*** Given entries ***

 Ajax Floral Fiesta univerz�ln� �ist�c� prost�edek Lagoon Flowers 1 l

*** End of Given entries ***
*** Given entries ***

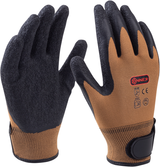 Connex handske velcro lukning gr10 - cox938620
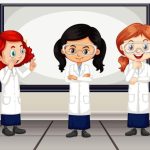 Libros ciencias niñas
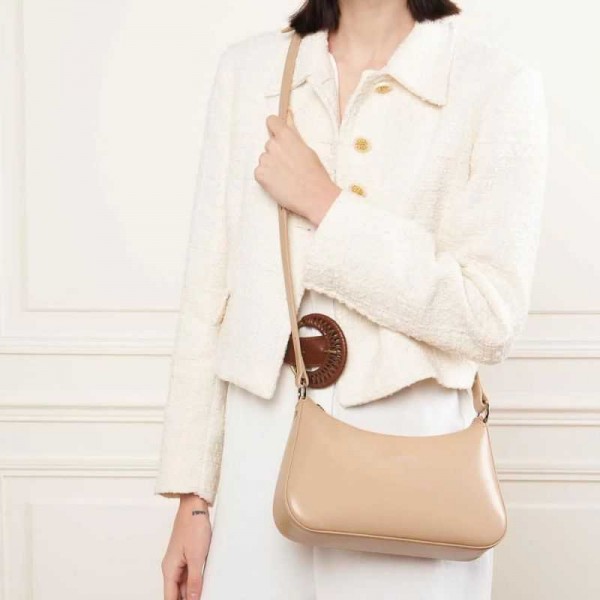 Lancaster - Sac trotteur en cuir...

*** End of Given entries ***

### Required action
When you reach the line containing "Libros ciencias niñas" in the entries above, begin restating word for word, and stop once the line containing "Lancaster - Sac trotteur en cuir..." has been given. Omit the pictures.

### Response to the exercise
 Libros ciencias niñas
 Lancaster - Sac trotteur en cuir...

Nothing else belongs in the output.